DATA EXCERPT:
============================================================
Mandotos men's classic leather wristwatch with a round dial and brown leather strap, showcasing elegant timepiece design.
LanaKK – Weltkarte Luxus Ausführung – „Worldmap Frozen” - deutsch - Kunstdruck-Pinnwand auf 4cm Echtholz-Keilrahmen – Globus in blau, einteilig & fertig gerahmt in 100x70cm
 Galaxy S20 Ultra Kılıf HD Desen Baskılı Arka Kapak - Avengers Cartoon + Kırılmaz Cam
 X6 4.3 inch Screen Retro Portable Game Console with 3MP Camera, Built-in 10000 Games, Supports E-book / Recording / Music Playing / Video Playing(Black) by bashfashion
============================================================
REQUIREMENT:
With every line intact, output the listing above exactly.

RESULT OF THE TASK:
Mandotos men's classic leather wristwatch with a round dial and brown leather strap, showcasing elegant timepiece design.
LanaKK – Weltkarte Luxus Ausführung – „Worldmap Frozen” - deutsch - Kunstdruck-Pinnwand auf 4cm Echtholz-Keilrahmen – Globus in blau, einteilig & fertig gerahmt in 100x70cm
 Galaxy S20 Ultra Kılıf HD Desen Baskılı Arka Kapak - Avengers Cartoon + Kırılmaz Cam
 X6 4.3 inch Screen Retro Portable Game Console with 3MP Camera, Built-in 10000 Games, Supports E-book / Recording / Music Playing / Video Playing(Black) by bashfashion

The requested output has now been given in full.